→ DIRECTIONS FOR THIS TASK
Every line of the entries below that mentions "flows" is to be copied out.

(Data items)
▽
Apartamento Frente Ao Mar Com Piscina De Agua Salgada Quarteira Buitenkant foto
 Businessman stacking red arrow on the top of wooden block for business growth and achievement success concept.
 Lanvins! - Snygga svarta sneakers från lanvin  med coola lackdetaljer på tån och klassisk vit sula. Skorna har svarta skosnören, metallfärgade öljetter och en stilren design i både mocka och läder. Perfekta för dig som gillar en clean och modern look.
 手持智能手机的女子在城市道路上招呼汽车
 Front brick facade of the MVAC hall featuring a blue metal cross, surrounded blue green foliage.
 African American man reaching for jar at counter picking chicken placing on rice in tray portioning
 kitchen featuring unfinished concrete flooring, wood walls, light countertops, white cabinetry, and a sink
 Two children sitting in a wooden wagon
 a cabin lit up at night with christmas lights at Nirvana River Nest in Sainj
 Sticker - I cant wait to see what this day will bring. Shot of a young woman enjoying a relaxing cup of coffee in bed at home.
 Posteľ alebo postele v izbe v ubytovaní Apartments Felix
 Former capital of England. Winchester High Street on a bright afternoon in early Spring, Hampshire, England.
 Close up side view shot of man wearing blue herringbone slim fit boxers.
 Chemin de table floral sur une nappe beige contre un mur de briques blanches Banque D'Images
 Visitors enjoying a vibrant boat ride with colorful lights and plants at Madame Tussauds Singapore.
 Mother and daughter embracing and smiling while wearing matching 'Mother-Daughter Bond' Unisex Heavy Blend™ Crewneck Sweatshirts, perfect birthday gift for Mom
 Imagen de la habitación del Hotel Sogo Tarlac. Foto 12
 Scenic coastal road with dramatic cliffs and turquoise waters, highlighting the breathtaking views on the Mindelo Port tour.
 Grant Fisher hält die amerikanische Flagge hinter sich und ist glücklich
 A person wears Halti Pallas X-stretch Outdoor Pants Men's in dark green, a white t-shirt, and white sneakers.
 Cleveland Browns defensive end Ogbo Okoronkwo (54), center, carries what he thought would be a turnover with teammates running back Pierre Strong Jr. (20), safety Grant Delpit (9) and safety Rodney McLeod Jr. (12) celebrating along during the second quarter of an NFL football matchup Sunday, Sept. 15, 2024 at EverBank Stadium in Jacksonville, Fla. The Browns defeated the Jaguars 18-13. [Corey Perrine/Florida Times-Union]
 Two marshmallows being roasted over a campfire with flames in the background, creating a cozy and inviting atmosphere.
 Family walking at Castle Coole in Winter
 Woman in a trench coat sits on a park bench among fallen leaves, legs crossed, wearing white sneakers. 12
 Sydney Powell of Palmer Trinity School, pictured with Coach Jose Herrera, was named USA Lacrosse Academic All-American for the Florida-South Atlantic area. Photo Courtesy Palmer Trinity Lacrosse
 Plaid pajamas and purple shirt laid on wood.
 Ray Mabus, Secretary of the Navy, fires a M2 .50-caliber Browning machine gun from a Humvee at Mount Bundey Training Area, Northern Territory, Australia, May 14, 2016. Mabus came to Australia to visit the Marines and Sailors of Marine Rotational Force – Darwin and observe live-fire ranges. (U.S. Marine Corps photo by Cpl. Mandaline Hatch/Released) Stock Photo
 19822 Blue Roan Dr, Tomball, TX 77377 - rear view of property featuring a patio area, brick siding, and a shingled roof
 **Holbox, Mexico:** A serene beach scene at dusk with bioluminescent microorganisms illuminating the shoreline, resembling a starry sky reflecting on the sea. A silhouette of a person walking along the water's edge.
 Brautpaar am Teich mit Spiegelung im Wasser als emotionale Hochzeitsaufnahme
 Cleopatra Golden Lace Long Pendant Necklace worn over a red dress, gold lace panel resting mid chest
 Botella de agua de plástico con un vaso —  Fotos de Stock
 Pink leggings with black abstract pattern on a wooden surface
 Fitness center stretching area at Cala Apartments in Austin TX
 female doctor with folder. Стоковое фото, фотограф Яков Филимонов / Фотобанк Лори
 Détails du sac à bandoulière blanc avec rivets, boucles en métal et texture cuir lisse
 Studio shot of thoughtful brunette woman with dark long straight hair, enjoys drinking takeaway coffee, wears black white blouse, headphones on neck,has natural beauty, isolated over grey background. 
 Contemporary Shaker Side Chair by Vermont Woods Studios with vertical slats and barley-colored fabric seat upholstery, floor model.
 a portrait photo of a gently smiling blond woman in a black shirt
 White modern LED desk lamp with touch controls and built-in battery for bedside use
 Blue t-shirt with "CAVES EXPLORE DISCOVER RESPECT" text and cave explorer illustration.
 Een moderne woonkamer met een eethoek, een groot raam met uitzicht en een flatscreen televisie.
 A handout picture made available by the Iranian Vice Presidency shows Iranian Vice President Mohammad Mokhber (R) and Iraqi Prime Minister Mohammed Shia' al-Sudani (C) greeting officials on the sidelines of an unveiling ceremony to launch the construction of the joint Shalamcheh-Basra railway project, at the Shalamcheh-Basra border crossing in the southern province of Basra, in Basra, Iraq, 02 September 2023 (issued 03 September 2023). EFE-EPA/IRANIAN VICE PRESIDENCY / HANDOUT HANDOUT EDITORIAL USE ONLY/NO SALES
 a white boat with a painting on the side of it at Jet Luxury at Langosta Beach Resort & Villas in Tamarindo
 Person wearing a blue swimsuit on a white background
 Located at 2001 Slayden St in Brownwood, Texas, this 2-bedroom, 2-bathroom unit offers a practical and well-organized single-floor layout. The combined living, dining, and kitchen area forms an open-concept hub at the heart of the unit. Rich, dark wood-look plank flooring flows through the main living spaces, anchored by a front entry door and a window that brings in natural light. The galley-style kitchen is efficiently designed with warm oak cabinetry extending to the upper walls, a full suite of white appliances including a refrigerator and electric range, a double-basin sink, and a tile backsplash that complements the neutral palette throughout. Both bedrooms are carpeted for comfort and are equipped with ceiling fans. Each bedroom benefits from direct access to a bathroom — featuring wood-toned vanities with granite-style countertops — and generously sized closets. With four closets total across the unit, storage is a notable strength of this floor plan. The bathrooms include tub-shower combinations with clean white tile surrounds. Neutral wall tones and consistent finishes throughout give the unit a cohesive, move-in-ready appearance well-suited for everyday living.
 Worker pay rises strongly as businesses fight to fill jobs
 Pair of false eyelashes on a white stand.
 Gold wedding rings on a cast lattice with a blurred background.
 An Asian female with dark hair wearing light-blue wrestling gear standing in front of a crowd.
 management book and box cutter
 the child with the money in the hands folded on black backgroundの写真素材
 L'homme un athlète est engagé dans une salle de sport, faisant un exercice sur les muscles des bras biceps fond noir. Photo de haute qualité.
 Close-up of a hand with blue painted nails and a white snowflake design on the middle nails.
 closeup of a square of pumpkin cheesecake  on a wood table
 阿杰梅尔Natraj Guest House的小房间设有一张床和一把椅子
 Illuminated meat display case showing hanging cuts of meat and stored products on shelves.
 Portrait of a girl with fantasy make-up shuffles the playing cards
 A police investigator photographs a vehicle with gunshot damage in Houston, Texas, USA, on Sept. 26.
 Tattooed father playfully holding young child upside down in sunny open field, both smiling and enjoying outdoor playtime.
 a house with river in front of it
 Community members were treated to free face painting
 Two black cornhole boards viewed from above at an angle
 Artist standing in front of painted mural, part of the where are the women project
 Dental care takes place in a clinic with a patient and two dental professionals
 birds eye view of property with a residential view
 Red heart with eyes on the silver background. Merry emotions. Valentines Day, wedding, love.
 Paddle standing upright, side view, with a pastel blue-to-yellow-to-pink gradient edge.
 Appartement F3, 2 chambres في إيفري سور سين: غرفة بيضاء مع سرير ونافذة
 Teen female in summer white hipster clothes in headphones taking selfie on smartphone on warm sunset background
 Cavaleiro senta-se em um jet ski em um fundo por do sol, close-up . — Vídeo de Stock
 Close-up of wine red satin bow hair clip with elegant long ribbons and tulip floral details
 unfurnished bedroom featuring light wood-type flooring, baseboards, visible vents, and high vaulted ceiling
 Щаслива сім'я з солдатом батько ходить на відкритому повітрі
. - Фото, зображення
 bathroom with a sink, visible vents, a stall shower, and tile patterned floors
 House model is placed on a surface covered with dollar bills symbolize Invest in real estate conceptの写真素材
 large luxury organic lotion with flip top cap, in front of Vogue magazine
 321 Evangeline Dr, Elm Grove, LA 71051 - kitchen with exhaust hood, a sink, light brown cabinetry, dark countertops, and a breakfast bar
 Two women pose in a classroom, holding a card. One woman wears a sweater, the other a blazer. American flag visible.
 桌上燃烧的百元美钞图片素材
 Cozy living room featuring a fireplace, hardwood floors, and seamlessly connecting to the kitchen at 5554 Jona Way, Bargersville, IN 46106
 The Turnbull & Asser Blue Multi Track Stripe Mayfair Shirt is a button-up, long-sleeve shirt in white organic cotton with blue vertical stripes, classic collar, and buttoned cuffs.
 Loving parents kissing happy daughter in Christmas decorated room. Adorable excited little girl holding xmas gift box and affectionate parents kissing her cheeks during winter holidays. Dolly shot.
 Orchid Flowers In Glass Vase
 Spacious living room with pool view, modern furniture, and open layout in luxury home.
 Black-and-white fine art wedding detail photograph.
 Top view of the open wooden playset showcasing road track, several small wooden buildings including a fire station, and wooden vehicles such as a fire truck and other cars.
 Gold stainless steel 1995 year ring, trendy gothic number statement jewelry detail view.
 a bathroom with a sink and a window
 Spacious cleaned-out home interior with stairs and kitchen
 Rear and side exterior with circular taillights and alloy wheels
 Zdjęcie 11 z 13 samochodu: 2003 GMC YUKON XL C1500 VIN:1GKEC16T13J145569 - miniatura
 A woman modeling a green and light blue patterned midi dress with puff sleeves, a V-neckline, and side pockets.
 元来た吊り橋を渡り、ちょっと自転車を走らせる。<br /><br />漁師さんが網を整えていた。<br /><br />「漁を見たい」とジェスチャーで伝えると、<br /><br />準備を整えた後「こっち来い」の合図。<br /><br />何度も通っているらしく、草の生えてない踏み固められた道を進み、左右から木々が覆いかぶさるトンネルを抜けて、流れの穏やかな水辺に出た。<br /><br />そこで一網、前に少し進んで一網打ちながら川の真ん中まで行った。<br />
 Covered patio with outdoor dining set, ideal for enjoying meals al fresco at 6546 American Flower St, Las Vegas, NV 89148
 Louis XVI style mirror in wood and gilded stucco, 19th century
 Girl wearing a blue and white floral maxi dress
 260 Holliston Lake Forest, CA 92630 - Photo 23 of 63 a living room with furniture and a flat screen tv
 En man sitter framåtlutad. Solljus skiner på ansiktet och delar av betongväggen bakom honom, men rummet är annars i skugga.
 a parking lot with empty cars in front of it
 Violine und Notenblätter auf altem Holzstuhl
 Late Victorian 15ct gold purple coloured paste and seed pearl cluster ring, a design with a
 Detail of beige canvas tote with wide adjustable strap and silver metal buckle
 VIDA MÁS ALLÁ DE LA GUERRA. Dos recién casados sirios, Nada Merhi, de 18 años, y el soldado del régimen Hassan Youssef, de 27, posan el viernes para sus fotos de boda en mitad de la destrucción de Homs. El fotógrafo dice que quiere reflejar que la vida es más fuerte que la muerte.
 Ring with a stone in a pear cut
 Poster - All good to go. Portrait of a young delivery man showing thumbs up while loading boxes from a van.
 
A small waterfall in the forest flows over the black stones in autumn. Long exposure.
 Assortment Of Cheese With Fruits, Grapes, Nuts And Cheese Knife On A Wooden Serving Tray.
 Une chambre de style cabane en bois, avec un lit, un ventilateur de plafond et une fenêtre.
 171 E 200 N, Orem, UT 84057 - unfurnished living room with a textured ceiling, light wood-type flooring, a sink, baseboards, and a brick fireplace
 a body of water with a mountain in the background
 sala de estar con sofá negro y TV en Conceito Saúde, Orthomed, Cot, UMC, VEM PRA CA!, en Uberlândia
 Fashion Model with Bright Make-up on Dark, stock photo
△
→ WRITTEN SOLUTION
 Located at 2001 Slayden St in Brownwood, Texas, this 2-bedroom, 2-bathroom unit offers a practical and well-organized single-floor layout. The combined living, dining, and kitchen area forms an open-concept hub at the heart of the unit. Rich, dark wood-look plank flooring flows through the main living spaces, anchored by a front entry door and a window that brings in natural light. The galley-style kitchen is efficiently designed with warm oak cabinetry extending to the upper walls, a full suite of white appliances including a refrigerator and electric range, a double-basin sink, and a tile backsplash that complements the neutral palette throughout. Both bedrooms are carpeted for comfort and are equipped with ceiling fans. Each bedroom benefits from direct access to a bathroom — featuring wood-toned vanities with granite-style countertops — and generously sized closets. With four closets total across the unit, storage is a notable strength of this floor plan. The bathrooms include tub-shower combinations with clean white tile surrounds. Neutral wall tones and consistent finishes throughout give the unit a cohesive, move-in-ready appearance well-suited for everyday living.
A small waterfall in the forest flows over the black stones in autumn. Long exposure.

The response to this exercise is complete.